Harmonic Current

Here is the explanation:

For Fundamental components:

In a three-phase, four-wire system, single-phase line-to-neutral load currents flow in each phase conductor and return in the common neutral conductor. The three phase currents are separated by 120°; and for balanced three-phase loads, they are equal. When they return in the neutral, they cancel each other out, adding up to zero at all points.

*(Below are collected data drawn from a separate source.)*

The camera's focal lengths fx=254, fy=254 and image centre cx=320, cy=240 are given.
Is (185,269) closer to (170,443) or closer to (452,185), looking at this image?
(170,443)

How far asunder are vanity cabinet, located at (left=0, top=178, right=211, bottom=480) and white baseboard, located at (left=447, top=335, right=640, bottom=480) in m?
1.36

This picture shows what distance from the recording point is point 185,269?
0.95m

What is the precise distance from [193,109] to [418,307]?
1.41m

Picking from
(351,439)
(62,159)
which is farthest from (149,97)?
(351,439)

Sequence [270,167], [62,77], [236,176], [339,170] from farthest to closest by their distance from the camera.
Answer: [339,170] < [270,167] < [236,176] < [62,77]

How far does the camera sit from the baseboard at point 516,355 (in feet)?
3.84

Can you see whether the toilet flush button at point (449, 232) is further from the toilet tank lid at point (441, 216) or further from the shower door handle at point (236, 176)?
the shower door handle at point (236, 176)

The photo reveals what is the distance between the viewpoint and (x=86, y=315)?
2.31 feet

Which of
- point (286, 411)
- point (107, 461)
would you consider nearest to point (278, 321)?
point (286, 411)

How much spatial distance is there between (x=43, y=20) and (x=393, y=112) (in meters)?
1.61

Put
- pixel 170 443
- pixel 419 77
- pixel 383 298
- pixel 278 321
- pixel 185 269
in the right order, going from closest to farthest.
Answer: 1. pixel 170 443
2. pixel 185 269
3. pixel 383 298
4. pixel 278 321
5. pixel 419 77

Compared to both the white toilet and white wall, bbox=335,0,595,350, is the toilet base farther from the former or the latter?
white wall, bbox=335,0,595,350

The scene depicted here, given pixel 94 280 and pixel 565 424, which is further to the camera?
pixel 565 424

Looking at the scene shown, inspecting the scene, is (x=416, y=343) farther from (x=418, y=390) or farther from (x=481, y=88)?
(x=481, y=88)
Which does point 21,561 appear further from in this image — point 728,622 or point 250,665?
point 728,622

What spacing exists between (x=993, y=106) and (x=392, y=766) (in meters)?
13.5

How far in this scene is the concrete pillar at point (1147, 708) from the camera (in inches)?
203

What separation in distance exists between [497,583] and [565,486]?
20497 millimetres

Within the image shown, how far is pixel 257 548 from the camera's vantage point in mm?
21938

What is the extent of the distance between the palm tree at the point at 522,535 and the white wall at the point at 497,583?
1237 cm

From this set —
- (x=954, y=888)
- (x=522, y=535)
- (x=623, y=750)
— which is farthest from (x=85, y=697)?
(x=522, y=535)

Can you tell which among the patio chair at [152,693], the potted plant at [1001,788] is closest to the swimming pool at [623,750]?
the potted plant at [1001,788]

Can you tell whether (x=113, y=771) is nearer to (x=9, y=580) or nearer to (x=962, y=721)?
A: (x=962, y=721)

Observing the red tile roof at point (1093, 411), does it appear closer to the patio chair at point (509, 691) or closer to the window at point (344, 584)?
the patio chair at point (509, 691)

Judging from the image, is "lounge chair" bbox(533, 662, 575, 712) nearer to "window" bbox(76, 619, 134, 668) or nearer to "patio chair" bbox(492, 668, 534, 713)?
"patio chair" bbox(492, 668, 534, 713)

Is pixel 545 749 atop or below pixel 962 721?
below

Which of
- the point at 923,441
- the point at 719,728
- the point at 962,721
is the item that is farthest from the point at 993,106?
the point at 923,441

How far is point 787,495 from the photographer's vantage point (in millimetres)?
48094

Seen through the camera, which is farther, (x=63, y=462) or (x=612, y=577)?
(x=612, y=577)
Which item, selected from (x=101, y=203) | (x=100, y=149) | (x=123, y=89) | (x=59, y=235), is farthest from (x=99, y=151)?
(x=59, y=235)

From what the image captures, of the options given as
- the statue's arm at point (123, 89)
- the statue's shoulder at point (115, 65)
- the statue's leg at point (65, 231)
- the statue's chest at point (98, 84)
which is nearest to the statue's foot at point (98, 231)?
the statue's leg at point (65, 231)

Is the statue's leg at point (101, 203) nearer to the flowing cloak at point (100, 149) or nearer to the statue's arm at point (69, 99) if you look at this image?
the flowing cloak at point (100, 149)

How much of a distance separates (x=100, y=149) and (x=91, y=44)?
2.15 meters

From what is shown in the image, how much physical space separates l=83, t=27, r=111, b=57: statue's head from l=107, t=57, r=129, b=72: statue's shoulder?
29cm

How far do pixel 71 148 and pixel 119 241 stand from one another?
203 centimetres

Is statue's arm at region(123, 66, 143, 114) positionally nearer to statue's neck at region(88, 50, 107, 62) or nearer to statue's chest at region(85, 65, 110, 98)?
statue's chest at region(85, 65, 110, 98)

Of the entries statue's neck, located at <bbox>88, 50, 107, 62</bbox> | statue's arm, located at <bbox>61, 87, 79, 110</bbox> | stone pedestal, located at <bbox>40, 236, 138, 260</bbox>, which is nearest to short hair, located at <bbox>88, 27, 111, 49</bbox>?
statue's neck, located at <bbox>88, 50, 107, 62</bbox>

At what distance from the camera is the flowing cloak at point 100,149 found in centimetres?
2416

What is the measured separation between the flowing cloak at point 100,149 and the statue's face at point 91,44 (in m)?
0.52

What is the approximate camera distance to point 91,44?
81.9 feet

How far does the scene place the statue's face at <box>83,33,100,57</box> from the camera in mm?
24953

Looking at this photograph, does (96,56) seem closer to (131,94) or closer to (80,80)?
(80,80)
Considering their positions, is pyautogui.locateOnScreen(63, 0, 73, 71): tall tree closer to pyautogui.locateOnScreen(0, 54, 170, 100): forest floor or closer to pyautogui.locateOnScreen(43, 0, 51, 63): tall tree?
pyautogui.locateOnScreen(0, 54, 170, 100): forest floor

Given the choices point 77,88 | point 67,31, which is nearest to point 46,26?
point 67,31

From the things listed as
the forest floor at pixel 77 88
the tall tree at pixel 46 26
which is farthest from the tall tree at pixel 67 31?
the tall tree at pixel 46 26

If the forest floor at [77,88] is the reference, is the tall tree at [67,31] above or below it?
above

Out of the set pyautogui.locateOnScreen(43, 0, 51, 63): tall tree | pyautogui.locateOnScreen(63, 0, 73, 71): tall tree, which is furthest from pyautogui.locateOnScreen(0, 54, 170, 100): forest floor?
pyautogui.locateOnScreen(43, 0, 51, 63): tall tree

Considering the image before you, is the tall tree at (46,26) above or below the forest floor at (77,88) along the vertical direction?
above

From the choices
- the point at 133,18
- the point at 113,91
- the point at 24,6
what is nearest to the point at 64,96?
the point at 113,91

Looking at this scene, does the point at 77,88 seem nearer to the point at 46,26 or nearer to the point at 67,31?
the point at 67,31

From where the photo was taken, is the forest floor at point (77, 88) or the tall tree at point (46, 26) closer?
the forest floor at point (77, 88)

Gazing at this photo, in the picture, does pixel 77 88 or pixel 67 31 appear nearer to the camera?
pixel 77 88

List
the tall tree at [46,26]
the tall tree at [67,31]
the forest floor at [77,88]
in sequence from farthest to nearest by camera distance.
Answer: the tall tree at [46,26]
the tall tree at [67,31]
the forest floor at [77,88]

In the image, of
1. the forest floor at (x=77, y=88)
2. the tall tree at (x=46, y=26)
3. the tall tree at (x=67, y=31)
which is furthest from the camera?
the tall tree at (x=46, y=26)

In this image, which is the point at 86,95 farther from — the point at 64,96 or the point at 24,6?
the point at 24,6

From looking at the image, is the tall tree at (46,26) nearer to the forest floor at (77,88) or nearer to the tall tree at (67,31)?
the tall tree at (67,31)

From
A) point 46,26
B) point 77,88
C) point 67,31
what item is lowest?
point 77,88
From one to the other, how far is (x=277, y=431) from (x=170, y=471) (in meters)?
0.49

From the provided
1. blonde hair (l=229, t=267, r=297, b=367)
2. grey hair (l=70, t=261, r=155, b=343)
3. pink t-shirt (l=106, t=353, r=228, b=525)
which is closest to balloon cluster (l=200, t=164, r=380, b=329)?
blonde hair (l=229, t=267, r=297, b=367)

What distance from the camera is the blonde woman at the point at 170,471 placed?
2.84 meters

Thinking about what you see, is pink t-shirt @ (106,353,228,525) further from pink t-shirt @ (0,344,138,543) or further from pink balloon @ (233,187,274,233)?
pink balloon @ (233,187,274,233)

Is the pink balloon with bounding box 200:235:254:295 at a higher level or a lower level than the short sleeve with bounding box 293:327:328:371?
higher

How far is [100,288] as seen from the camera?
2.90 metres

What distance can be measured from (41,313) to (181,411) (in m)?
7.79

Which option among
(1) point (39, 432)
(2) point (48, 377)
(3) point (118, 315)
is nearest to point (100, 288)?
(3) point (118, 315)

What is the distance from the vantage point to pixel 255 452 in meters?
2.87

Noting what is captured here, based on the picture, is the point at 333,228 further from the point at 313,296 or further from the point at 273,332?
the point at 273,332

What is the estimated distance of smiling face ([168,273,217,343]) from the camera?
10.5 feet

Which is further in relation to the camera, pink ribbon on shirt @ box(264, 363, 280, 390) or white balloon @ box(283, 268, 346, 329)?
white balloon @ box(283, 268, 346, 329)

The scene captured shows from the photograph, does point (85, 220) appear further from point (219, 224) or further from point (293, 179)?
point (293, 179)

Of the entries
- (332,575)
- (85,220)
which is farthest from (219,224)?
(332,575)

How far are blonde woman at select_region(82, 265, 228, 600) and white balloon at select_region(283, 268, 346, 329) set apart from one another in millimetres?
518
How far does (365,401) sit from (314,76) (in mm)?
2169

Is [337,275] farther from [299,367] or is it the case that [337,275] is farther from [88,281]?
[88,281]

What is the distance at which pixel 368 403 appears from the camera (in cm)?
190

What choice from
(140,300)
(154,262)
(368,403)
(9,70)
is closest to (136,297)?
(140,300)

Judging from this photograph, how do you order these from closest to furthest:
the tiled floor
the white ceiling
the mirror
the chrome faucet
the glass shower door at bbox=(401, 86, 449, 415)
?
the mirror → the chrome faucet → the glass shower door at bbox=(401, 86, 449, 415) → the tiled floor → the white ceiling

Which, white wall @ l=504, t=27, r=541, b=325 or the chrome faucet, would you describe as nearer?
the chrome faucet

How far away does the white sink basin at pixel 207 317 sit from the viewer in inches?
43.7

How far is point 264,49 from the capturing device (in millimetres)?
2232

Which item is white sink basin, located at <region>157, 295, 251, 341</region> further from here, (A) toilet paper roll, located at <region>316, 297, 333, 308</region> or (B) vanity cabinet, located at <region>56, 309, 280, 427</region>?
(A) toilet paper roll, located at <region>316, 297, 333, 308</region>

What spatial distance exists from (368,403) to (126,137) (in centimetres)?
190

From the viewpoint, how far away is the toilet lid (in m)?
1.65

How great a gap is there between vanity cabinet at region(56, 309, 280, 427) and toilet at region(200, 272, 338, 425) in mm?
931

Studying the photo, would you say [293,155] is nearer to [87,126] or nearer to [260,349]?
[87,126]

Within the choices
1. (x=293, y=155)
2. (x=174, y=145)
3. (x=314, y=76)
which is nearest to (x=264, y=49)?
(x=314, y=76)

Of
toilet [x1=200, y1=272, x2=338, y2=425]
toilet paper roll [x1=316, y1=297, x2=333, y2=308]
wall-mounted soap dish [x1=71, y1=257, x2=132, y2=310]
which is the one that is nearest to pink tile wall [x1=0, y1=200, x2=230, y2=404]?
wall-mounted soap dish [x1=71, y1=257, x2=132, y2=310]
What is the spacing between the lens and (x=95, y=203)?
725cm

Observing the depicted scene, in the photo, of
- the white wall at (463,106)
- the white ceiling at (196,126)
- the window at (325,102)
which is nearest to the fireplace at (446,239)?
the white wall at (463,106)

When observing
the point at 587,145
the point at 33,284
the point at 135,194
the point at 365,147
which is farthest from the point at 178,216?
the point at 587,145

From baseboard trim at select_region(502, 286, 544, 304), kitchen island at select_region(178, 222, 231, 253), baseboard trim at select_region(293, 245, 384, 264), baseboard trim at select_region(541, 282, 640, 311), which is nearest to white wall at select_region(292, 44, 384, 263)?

Therefore, for balanced three-phase loads, neutral current is zero.

Mathematically,

Ia = I sin (wt)

Ib = I sin (wt - 120)

Ic = I sin (wt + 120)

In = Ia + Ib + Ic = I{ sin (wt) + sin (wt – 120) + sin (wt + 120)} = 0

For 2^nd and all even Harmonic components:

For 2nd harmonic currents separated by 120°, cancellation in the neutral would also be complete with zero neutral current.

Mathematically,

Ia = I₂ sin 2(wt) = I₂ sin (2wt)

Ib = I₂ sin 2(wt - 240) = I₂ sin (2wt + 120)

Ic = I₂ sin 2(wt + 240) = I₂ sin (2wt - 120)

In = Ia + Ib + Ic = I₂ {sin (2wt) + sin (2wt + 120) + sin (2wt - 120)} = 0

This is true in the same way for all even harmonics.

For 3^rd and all multiples of 3^rd Harmonic components:

For 3^rd harmonic currents, the return currents from each of the three phases are in phase in the neutral and so the total 3^rd harmonic neutral current is the arithmetic sum of the three individual 3^rd harmonic phase currents.

Mathematically,

Ia = I₃ sin 3(wt) = I₃ sin (3wt)

Ib = I₃ sin 3(wt - 120) = I₃ sin (3wt - 360) = I₃ sin (3wt)

Ic = I₃ sin 3(wt + 120) = I₃ sin (3wt + 360) = I₃ sin (3wt)

In = Ia + Ib + Ic = I₃{ sin (3wt) + sin (3wt) + sin (3wt)} = 3I₃ sin (3wt)

This is true in the same way for all multiples of 3^rd harmonics.

-MS